17. 3rd Issue.--The question raised by this issue falls under the previous issue. The expression 'Ananthira Avakasham' means nothing more than the right of heirship and no special or technical significance attaches to it. This was conceded by the learned and experienced Nair Vakils on either side that argued the case in this Court. I may also refer to Logan's Manual of the Malabar District (page 245), where the word 'Ananthravar' is rendered as successor' or 'heir'. The expression as occurring in Exhibit D was conceded by the learned Vakils on both sides to mean only that Damodaran was to take the properties as heir to the Illom after Nangeli.
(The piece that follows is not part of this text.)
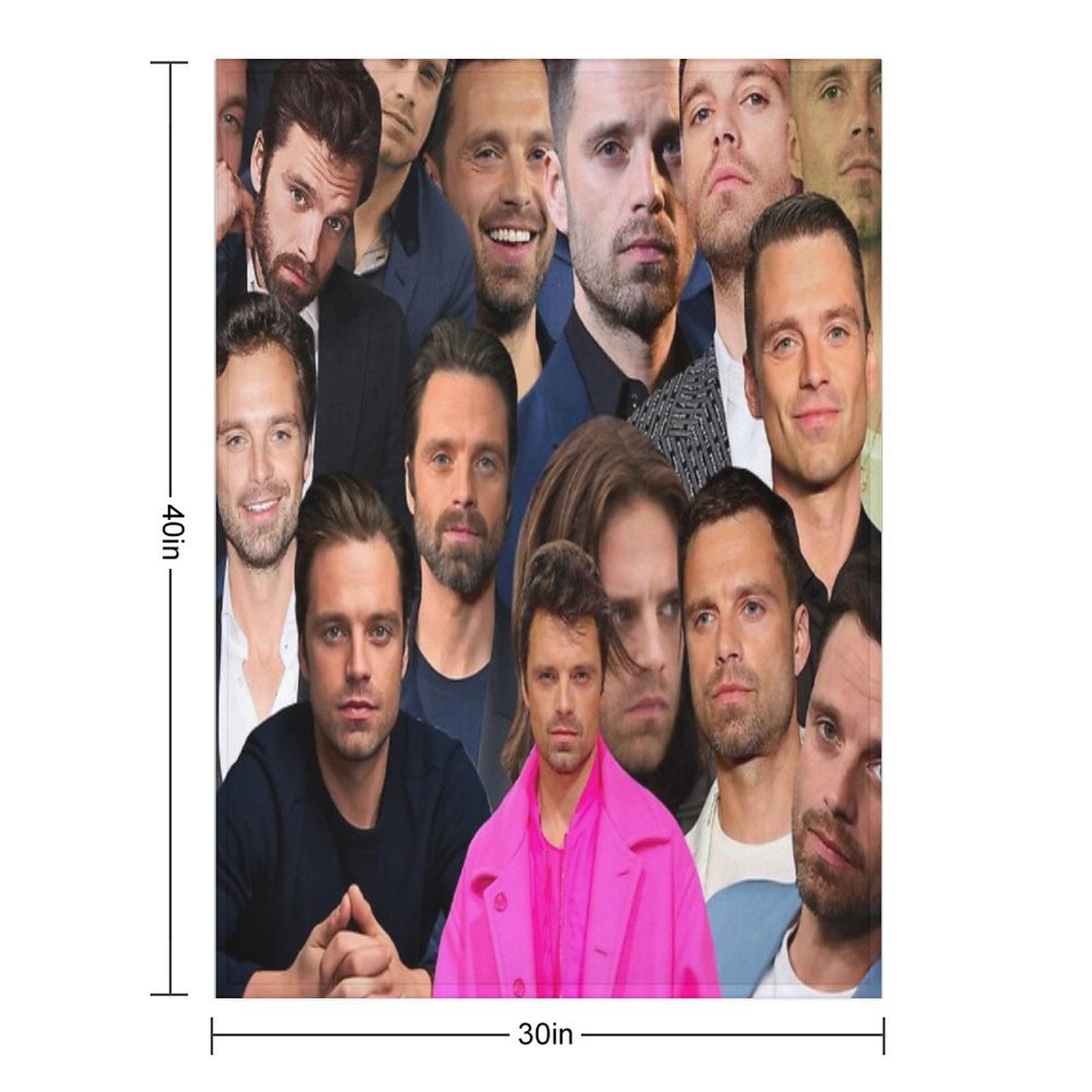 Sebastian Stan Photo Collage Throw Blanket Sustainable Throw Blanket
I would, therefore, find the issue in the affirmative.
18. 4th Issue.--I think the plaintiff must be considered to have acquired by prescription the right claimed by him, viz, that he is heir to whatever properties Damodaran Moosad left. For this the main piece of evidence is Exhibit XI There was a keen dispute between the present plaintiff and the present contesting defendant No. 1 and Narayanan, Moosad already referred to and a fourth man, with regard to the properties of a Devaswom attached to the Kotakkat Illom. The contest then took the shape of rival claims to registration of name in the Revenue Register. The Special Deputy Collector's order contains the following: 'A civil suit appears to have been instituted by Narayanan Moosad in which the Uraima question may probably be decided and all the four parties express their willingness to have the registration of titles postponed until its disposal.' Although in the result the Deputy Collector ordered registration to be made in the names of all four claimants in respect of push proporties as they were holding individually, the order shows that the fight as regards Damodaran Moosad's properties was considered to lie between Narayanan Moosad on the one hand and the present plaintiff on the other. The other parties, including the present contesting defendant, were content to abide by the result of the civil litigation. Narayanan Moosad's suit ended adversely to him, Thereafter the present plaintiff's claim as heir to Damodaran Moosad was not further challenged by any one. That claim was publicly put forward to the knowledge of the contesting defendants, and it was of a nature which imported all the elements of an exclusive and hostile title. It seems to me that it is too late in the day for the defendants to question the plaintiff's general right to the Kotakkat Illom properties as Damodaran Moosad's heir.
9. This second appeal coming on for final hearing after the receipt of the findings of the lower Appellate Court upon the issues referred by this Court for trial, the Court delivered the following
10. On the finding that the plaintiff is the Attalatakam heir which we accept, the second appeal fails and is dismissed with costs. (Separate set to 32nd defendant and the plaintiff.) Time for redemption, three months from this date.